Gazanfer Ağa Külliyesi ve Küçük Siirt
Bozdoğan Kemerinin hemen ardında 16. yüzyıl sonlarında, Harem’in son beyaz haremağası olan Gazanfer Ağa tarafından inşa ettirilen ve adını da ondan kalan külliye yer alıyor. 16. yüzyıl sonlarında başlayan medrese ağırlıklı külliye modelinin erken örneklerinden biri. 1782 yılında çıkan yangınla tahrip olmuş ama farklı zamanlarda geçirdiği onarımlarla bugüne ulaşabilmiş.
Medresenin yanında ise halk arasında “Küçük Siirt” olarak bilinen sokak var. Burada, Siirt’in meşhur Büryan Kebabının en lezzetlisini yiyebilirsiniz. Ayrıca doğu illerinden getirilen yöresel peynirleri ve tandır ekmeğini bulmanız, taze etlerin satıldığı kasaplardan alışveriş yapmanız da mümkün.

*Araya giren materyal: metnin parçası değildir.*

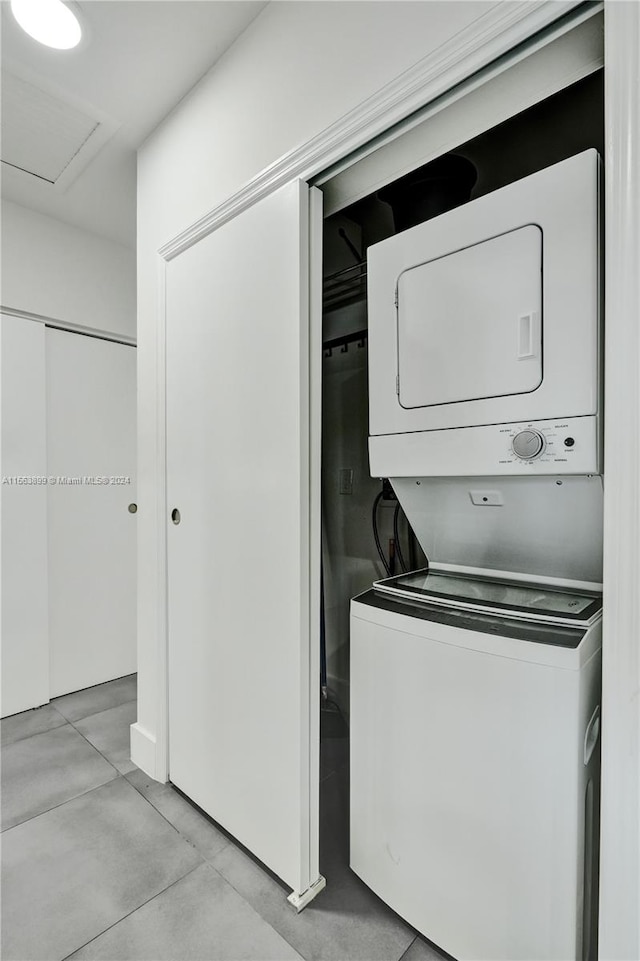 laundry room featuring stacked washer and clothes dryer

Modernist Mimarinin En Güzel Örneklerinden: İMÇ
1950’li yıllarda İstanbul’daki manifatura piyasası, sultanhamam ve civarında yer alıyormuş ama şehrin büyümesiyle beraber değişiklik yapılması ihtiyacı ortaya çıkmış. Yeni kurulacak çarşı için önce Haydarpaşa düşünülmüş. Dönemin İstanbul Valisi Fahrettin Kerim Gökay’ın önerisi ve sağladığı kolaylıklar ile Bozdoğan Su Kemeri ile Unkapanı arasında kalan Atatürk Bulvarında karar kılınmış. Açılan proje yarışmasını, Doğan Tekeli ile Sami Sisa’nın ortak tasarımı kazanmış ve İstanbul’a Türk modernist mimarisinin çarpıcı örneklerinden olan İMÇ yapılmış. İMÇ, deneysel bir kurguyu, zekice planlanmış tasarımı ve göndermeleriyle geleneksel İstanbul çarşısı anlayışıyla birleştirmeyi başaran bir yapı. İçinde şair-ressam Bedri Rahmi Eyüboğlu tarafından yapılan mozaikler de bulunuyor. Eyüboğlu’un yaptığı duvar panelinde; balıklar, kuşlar, minareler, kuleler ve kubbelerin olduğu kıvrımlı bir nehir olarak resmediliyor İstanbul. Bu harika mozaik duvarın önü, şimdilerde ne yazık ki seyyar satıcıların mekanı…
Ayın Biri Kilisesi
İMÇ 3 numaralı bloğun arkasında yer alan Ayın Biri Kilisesi, inanç farkı olmaksızın ziyaret edilen, şimdiye dek sayısız dileğin tutulduğu mistik bir adres. Ziyaretçiler, ne zaman ve nasıl başladığı kesin olarak bilinmeyen bir alışkanlıkla, her ayın ilk gününü kiliseye gelmek için tercih ediyorlar. Hatta yılın ilk günü kilisenin önünde 1 kilometreyi bulan kuyruk oluşuyor.
Bozanın Evi
1870 yılında Arnavutluk’tan İstanbul’a gelen Hacı Sadık Bey tarafından kurulan Vefa Bozacısı, boza içeceğinin dünyadaki ilk resmi ticarethanesi. Aslında o tarihten önce de boza Osmanlı halkının yaptığı ve sevdiği bir içecekmiş. Fakat daha sulu kıvamlı, esmer renkli ve daha ekşiymiş. Hacı Sadık Bey ise bugün bildiğimiz haliyle daha koyu kıvamlı ve açık sarı renkli bozayı evinin altında kendi imkanlarıyla üretmiş. Omzunda taşıdığı bakır güğümlerle sokakları dolaşarak satmaya başlamış. Bozanın bu yeni hali çok sevilmiş, ilgi gittikçe artmış ve nihayetinde Vefa Bozacısı o günler için cesaretli bir girişimcilik adımı olarak 1876 yılında kurulmuş. Vefa Bozacısı’na geldiğinizde özel bir anıya da tanıklık edeceksiniz; Atatürk’ün boza içtiği fincan hala korunuyor ve dükkanda görülebiliyor.
Ünlülerin Okul Yolu
Ülkemizin ana dille öğretim yapılan ilk sivil lisesi Vefa’da kurulmuş ve semtin adını almış. 1872’de temeli atılan Vefa Lisesi’nin bugünkü binası Mimar Kemaleddin Bey tarafından 1920’lerde 1. Ulusal Mimari üslubuna göre yapılmış. Vefa Lisesi’nden mezun olanlar arasında kimler yok ki; Mehmet Akif Ersoy, Yahya Kemal Beyatlı, Hasan Ali Yücel, Peyami Safa, Uğur Dündar, Nejat Uygur, Müjdat Gezen, Şener Şen sadece birkaçı… Sinemamızın gülen yüzü sevgili Kemal Sunal da lisenin mezunlarından biri. Lisesinin ona gösterdiği vefayla, adına bir ödül töreni başlatıldı; her yıl “Kemal Sunal Kültür ve Sanat Ödülleri” veriliyor.